Table of Contents
Topic:True Baptism
A daily devotion for September 16th
Read the Scripture: Romans 6:3-7
Or don’t you know that all of us who were baptized into Christ Jesus were baptized into his death? We were therefore buried with him through baptism into death in order that, just as Christ was raised from the dead through the glory of the Father, we too may live a new life.
Romans 6:3-4
It is always interesting to me that when some people hear the word baptism they immediately smell water. When I was a boy in Montana, I had a horse that could smell water from farther away than any animal I ever saw. There are people who are like that. Whenever they read these passages, and see the word baptism, they smell water, but there is no water here. This is a dry passage.
This passage is dealing, of course, with the question of how we died to sin, how we became separated from being in Adam, how we became joined in Christ. No water can do that. That requires something far more potent than water. It is, therefore, a description for us of what is called “the baptism of the Holy Spirit.” Paul wrote to the Corinthians: “For we were all baptized by one Spirit into one body — whether Jews or Greeks, slaves or free — and we were all given the one Spirit to drink,” (1 Corinthians 12:13). He says twice that all believers were baptized into one body. We were placed into Christ. You are not a Christian if that isn’t true of you.

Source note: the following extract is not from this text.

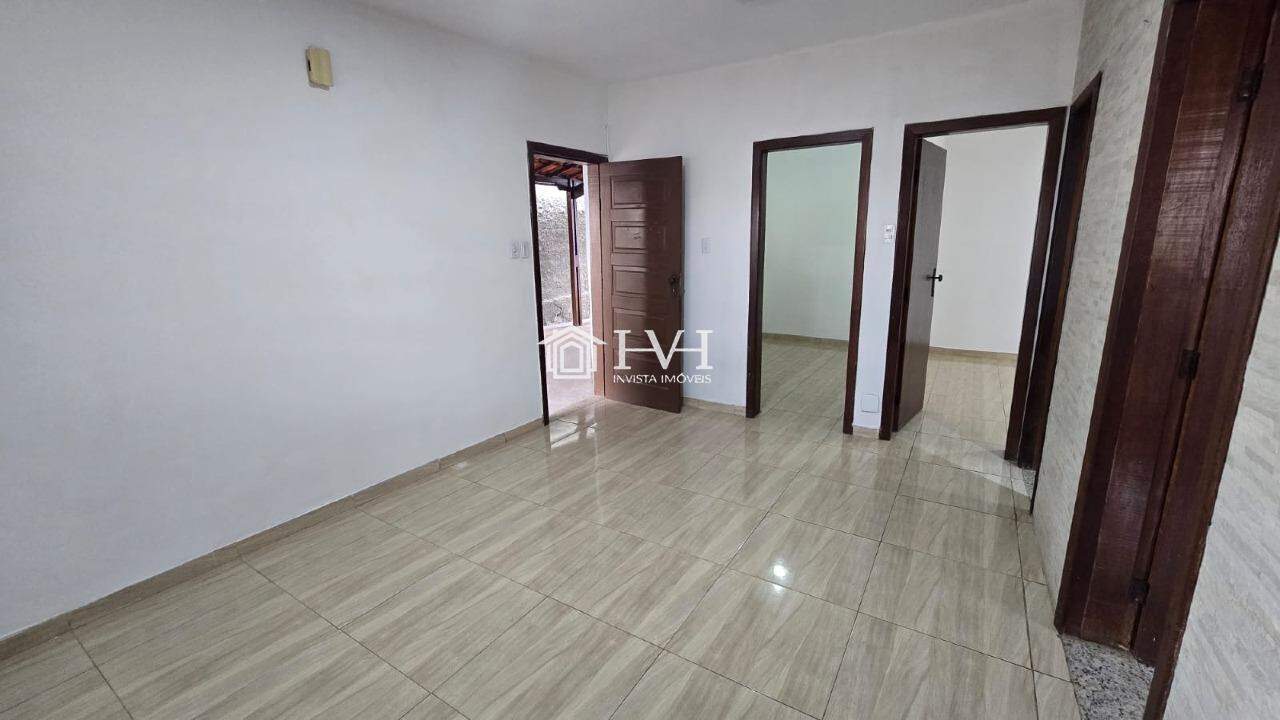 Casa, 2 quartos, 100 m² - Foto 12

People today who say you need to experience the baptism of the Holy Spirit after you become a believer do not understand the Scriptures. There is no way to become a believer without being baptized with the Spirit.
Notice some things that Paul says about the baptism of the Spirit in this passage: First, he says that we are expected to know about it. “Don’t you know…” Paul asks. He expects these Roman Christians, who had never met him or been taught personally by him, to know this fact. It is something new Christians ought to know.
Notice also that the apostle says, “This is how we died to sin.” The great statement of this passage is that when we became Christians, we died to sin. Paul is still discussing the question, “Can a believer go on sinning?” “No,” answers Paul, “because he died to sin.” How did we die to sin? This is how, Paul explains: The Spirit took us and identified us with all that Jesus did. That means that somehow this is a timeless event. The Spirit of God is able to ignore the two thousand years since the crucifixion and resurrection and somehow identify us with that moment when Jesus died, was buried, and rose again from the dead. We participate in those events. That is clear.
Therefore this is not theological fiction; it is fact. Adam sinned, and we sin. Adam died, and men ever since have died. The apostle is saying that what was true in Adam has now been ended and now we are in Christ, by faith in Jesus Christ. Once Adam’s actions affected us; but now what Christ did becomes our actions as well. Christ died, and we died; Christ was buried, and we were buried with him; Christ rose again, and we rose with him. So what is true of Jesus is true of us. Here Paul is dealing with what is probably the most remarkable and certainly the most magnificent truth recorded in the pages of Scripture. It is the central truth God wants us to learn. We died with Christ, were buried, and rose again with him. That union with Christ is the truth from which everything else in Scripture flows. If we understand and accept this as fact, which it is, then everything will be different in our lives. That is why the apostle labors so to help us understand this.
Lord, thank you for this assurance that, having been baptized in the Holy Spirit, I can rest assured that I am dead to sin and alive to you.
Life Application
Can water baptism bring us out of our death in Adam and into new Life in Christ? What is its purpose? What essential and transforming truth does the baptism of the Holy Spirit signify?